▶ [COLLECTED DATA]:
★ ★ ★ ★

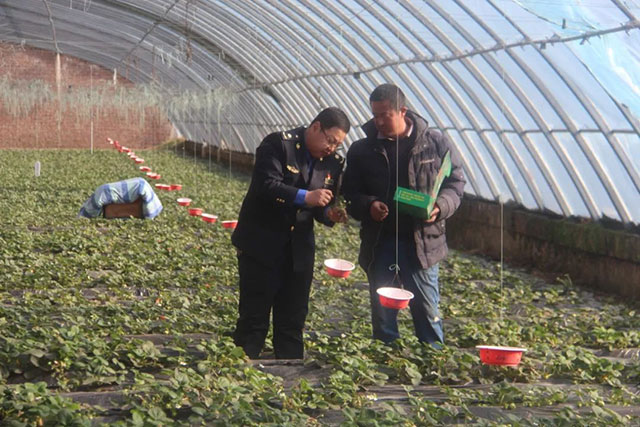 王浦旭正在大棚教授农户种植技术。赵冬霞摄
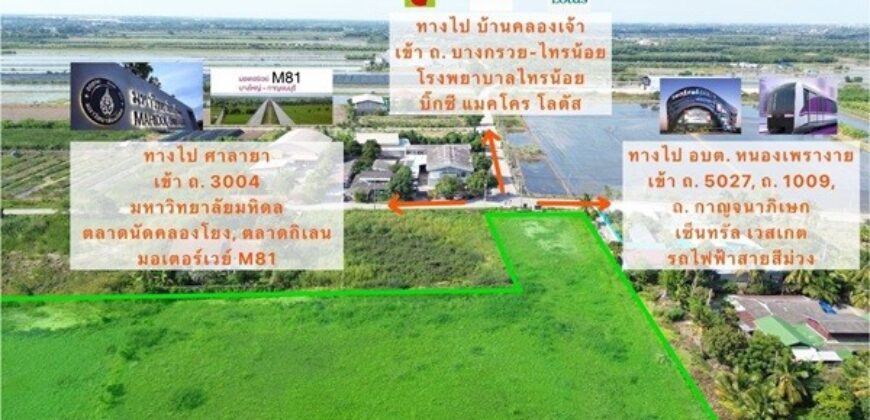 ราคานี้หาไม่ได้อีกแล้ว!! ขายที่ดิน ติดถนน ต.หนองเพรางาย อ.ไทรน้อย จ.นนทบุรี ใกล้มหิดล ศาลายา และแหล่งชุมชน Tel. 099-607-6116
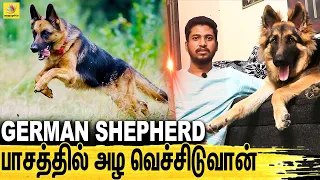 ஹிட்லரையே அழ வெச்ச DOG | All About Dogs EPISODE - 17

★ ★ ★ ★

▶ [TASK INSTRUCTIONS]:
Take every line of the material and copy it exactly, leaving out the pictures.

▶ [RESPONSE AREA]:
 王浦旭正在大棚教授农户种植技术。赵冬霞摄
 ราคานี้หาไม่ได้อีกแล้ว!! ขายที่ดิน ติดถนน ต.หนองเพรางาย อ.ไทรน้อย จ.นนทบุรี ใกล้มหิดล ศาลายา และแหล่งชุมชน Tel. 099-607-6116
 ஹிட்லரையே அழ வெச்ச DOG | All About Dogs EPISODE - 17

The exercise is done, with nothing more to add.